Server Failure Destroys Sidekick Users' Backup Data

← Back to Stories (view on slashdot.org)

Server Failure Destroys Sidekick Users' Backup Data

Posted by timothy on Saturday October 10, 2009 @09:29PM from the oh-well-enough-said dept.

Expanding on the T-Mobile data loss mentioned in an update to an earlier story, reader stigmato writes "T-Mobile's popular Sidekick brand of devices and their users are facing a data loss crisis. According to the T-Mobile community forums, Microsoft/Danger has suffered a catastrophic server failure that has resulted in the loss of all personal data not stored on the phones. They are advising users not to turn off their phones, reset them or let the batteries die in them for fear of losing what data remains on the devices. Microsoft/Danger has stated that they cannot recover the data but are still trying. Already people are clamoring for a lawsuit. Should we continue to trust cloud computing content providers with our personal information? Perhaps they should have used ZFS or btrfs for their servers."

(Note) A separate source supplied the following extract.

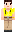 skin of a player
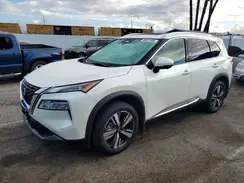 5N1BT3CA0PC920656 2023 NISSAN ROGUE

15 of 304 comments (clear)

Min score:

Reason:

Sort:

As if millions... by Anonymous Coward · 2009-10-10 21:33 · Score: 5, Funny

homemade cell phone porn videos cried out and then were silenced.
"they should have used ZFS or btrfs" by Manip · 2009-10-10 21:34 · Score: 5, Insightful

This seems a rather silly point to make. I know this is Slashdot and we have to suggest Open Source alternatives but throwing out random file systems as a suggestion to fix poor management and HARDWARE issues is some place between ignorant and silly.
Perhaps they should have had at least mirrored or stripped raid, with an off-site backup every week or so?
1. Re:"they should have used ZFS or btrfs" by sopssa · 2009-10-10 22:12 · Score: 5, Insightful
  
  Exactly, this can be a software bug too and that could possibly easily destroy or corrupt backup data too. I really doubt this service was ran without backups.
  The type of filesystem has nothing to do with this.
2. Re:"they should have used ZFS or btrfs" by Znork · 2009-10-10 22:47 · Score: 5, Insightful
  
  I really doubt this service was ran without backups.
  Knowing 'enterprise' backups I'd bet there was at least a backup client installed and running. However, I'm equally sure that the backups were, at best, tested once in a disaster recovery exercise and were otherwise never verified.
  Further, responsibility would probably be shared between a storage department, a server operations department and an application management department, neatly ensuring that no single person or function is in the position to even know what data is supposed to be backed up, what limitations there are to ensure consistency (cold/hot/inc/etc), to monitor that that's actually what does happen and that it keeps happening as the application and server configuration evolves.
  Backups of dubious value do not seem to be a rarity in enterprise settings.
3. Re:"they should have used ZFS or btrfs" by malchus842 · 2009-10-10 22:49 · Score: 5, Interesting
  
  One reason why our corporate policy is that we actually have to validate backups for every system on a regular basis (this means doing a full restore of a tape called from off-site), where the regularity is directly proportional to the criticality of the system. The more critical, the more often we test. On our iSeries, they restore the weekly backup tape EVERY week on the QA server - both for the purposes of refreshing it, AND to validate the backups. We also have a quarterly 'random' test where a system is chosen randomly and it must be recovered from bare metal using only our standard procedures + the backup tape.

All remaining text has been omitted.